Answer the question based on the context below, and if the question
can't be answered based on the context, say "I don't know"

Context:  :

 Tauã is passionate about using technology to support business goals

###

 Tauã holds certifications in Analytics Engineering Associate, Generative AI Associate, and Data Science Associate from Itaú

###

 Tauã is fluent in English, which allows him to collaborate effectively with international teams and stakeholders

###

 Beyond his professional experience, Tauã has pursued additional education in business, covering financial analysis, valuation, marketing, and strategy

###

Tauã Santos is a dedicated Mechanical Engineer with experience in data analytics, process automation, and machine learning applications

###

 Through his expertise in automation, machine learning, and data analytics, Tauã strives to make meaningful contributions to his work

###

 Beyond his technical skills, Tauã believes in the importance of strategic decision-making s

### Function to Retrieve Answers from the Model

In [89]:
COMPLETION_MODEL_NAME = "gpt-3.5-turbo-instruct"

def answer_question(
    question, df, max_prompt_tokens=3000, max_answer_tokens=100
):
    """
    Given a question, a dataframe containing rows of text, and a maximum
    number of desired tokens in the prompt and response, return the
    answer to the question according to an OpenAI Completion model
    
    If the model produces an error, return an empty string
    """
    
    prompt = create_prompt(question, df, max_prompt_tokens)
    
    try:
        response = openai.Completion.create(
            model=COMPLETION_MODEL_NAME,
            prompt=prompt,
            max_tokens=max_answer_tokens,
            temperature = 0
        )
        return response["choices"][0]["text"].strip()
    except Exception as e:
        print(e)
        return ""
        

In [90]:
while True:
    user_input = input("Type your question (or 'exit' to exit): ").strip()
    
    if user_input.lower() == "exit":
        print("Exiting.")
        break
    
    try:
        initial_who_is_answer = openai.Completion.create(
            model="gpt-3.5-turbo-instruct",
            prompt=f"Question: {user_input}\nAnswer:",
            max_tokens=150
        )["choices"][0]["text"].strip()
    except Exception as e:
        initial_who_is_answer = f"Error: {e}"

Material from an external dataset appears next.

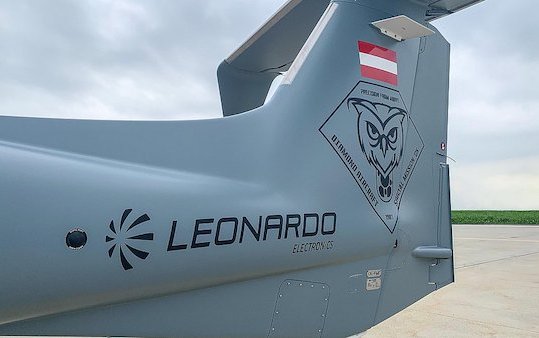 Leonardo and Diamond Aircraft boost capability of DA62 Mission Surveillance Aircraft 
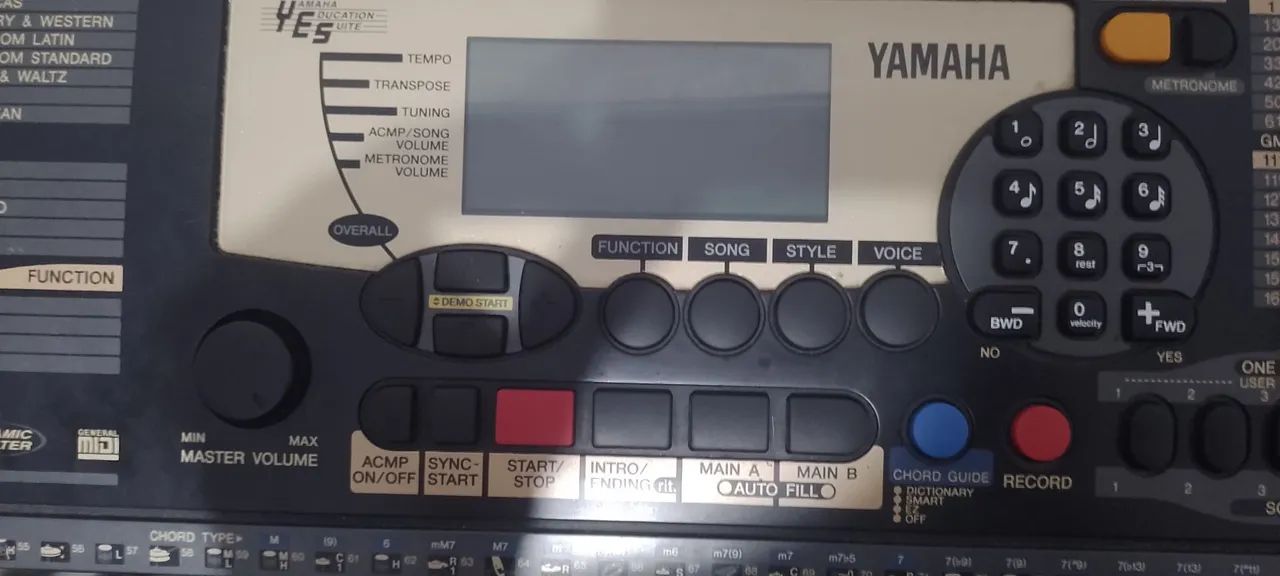 Teclado Yamaha - Foto 3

    custom_who_is_answer = answer_question(user_input, df)

    print(f"""
    Question: {user_input}

    Original Answer: {initial_who_is_answer}
    Custom Answer:   {custom_who_is_answer}
    """)


    Question: who is Taua?

    Original Answer: Taua does not appear to be a known person. It could be a name or a term used in a specific context or language. Without more information, it is impossible to determine who Taua is.
    Custom Answer:   Tauã is a dedicated Mechanical Engineer with experience in data analytics, process automation, and machine learning applications.
    

    Question: where Taua graduated?

    Original Answer: I'm sorry, I do not have information about Taua's educational background.
    Custom Answer:   Polytechnic School of the University of São Paulo
    
Exiting.


As shown above, the customized model demonstrates excellent performance by accurately answering both questions.